*DATASET*.
━━━━━━

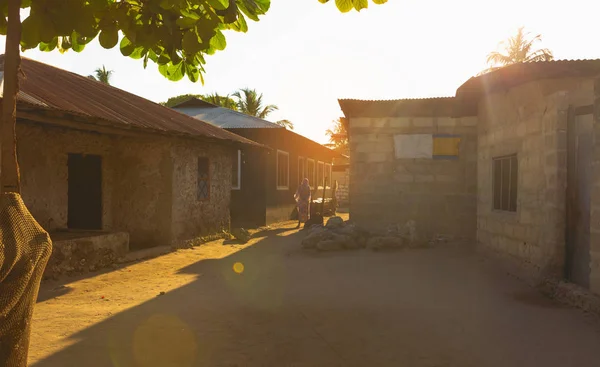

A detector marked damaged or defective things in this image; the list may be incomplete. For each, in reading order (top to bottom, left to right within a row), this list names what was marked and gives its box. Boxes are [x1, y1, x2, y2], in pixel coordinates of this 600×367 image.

rusty metal roof [0, 55, 262, 146]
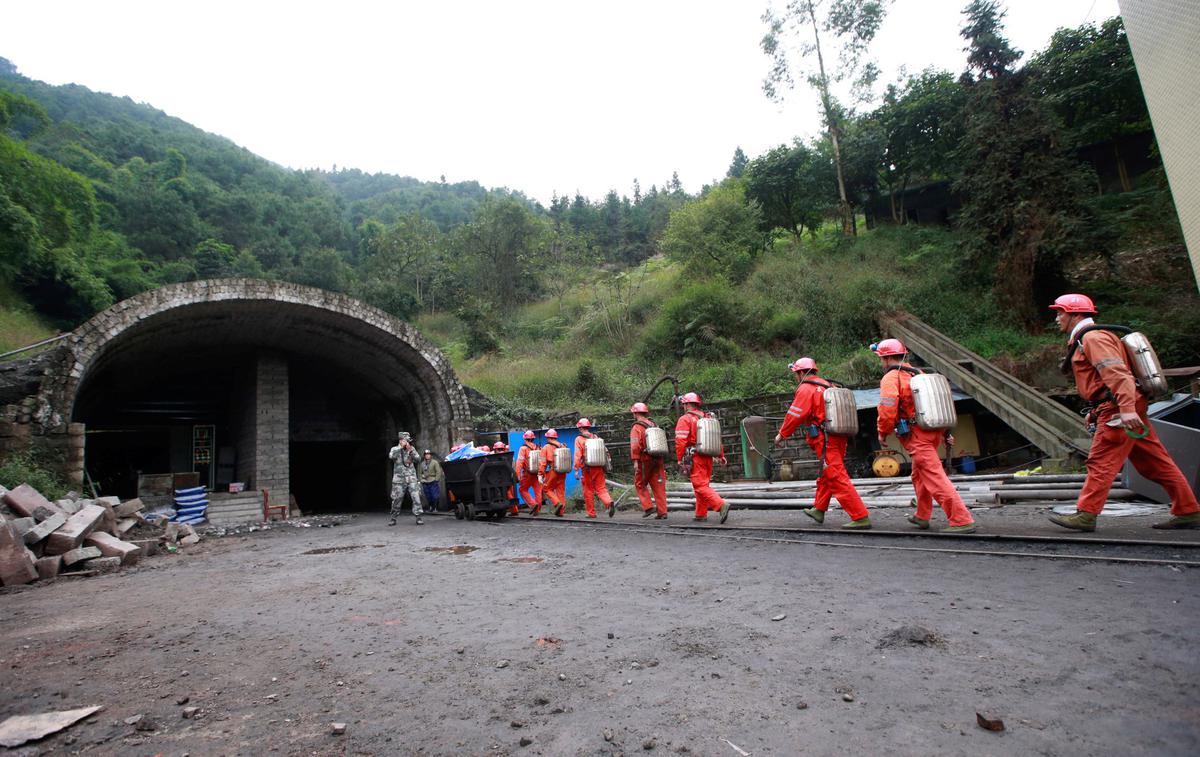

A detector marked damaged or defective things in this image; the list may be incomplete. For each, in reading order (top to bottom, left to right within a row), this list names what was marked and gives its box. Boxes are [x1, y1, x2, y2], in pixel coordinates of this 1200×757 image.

broken concrete slab [2, 484, 64, 520]
broken concrete slab [113, 501, 142, 518]
broken concrete slab [0, 523, 38, 590]
broken concrete slab [22, 513, 66, 547]
broken concrete slab [34, 556, 60, 580]
broken concrete slab [43, 503, 105, 556]
broken concrete slab [60, 544, 101, 568]
broken concrete slab [81, 556, 120, 573]
broken concrete slab [84, 530, 142, 566]
broken concrete slab [0, 710, 103, 748]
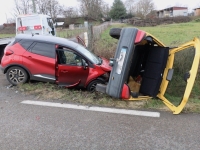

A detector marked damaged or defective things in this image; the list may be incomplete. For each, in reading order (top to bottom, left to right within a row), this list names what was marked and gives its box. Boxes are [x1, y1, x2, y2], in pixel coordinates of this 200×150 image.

overturned van [96, 27, 199, 113]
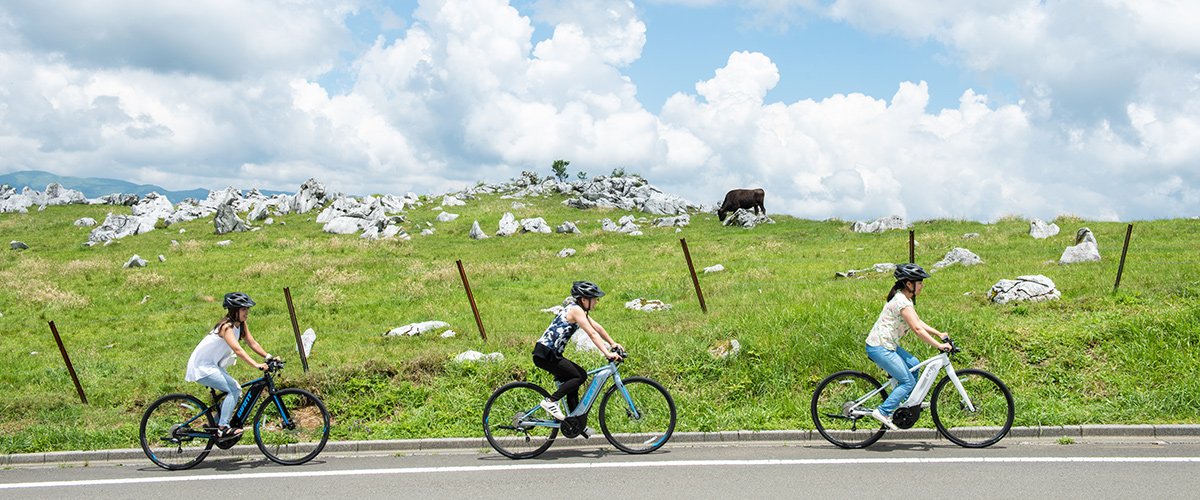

━━━━━━

*WHAT YOU NEED TO DO*. Here the job is to retype exactly the lines that start at the one containing "this 200×150 image." and run through the end of the records above, leaving out pictures.

*OUTPUT BELOW*.
A detector marked damaged or defective things in this image; the list may be incomplete. For each, in reading order (top to bottom, left to right within a row), this list names what was marked and gives its box. Boxes are [x1, y1, x2, y2], in pixel coordinates of this 200×150 image.

overturned van [96, 27, 199, 113]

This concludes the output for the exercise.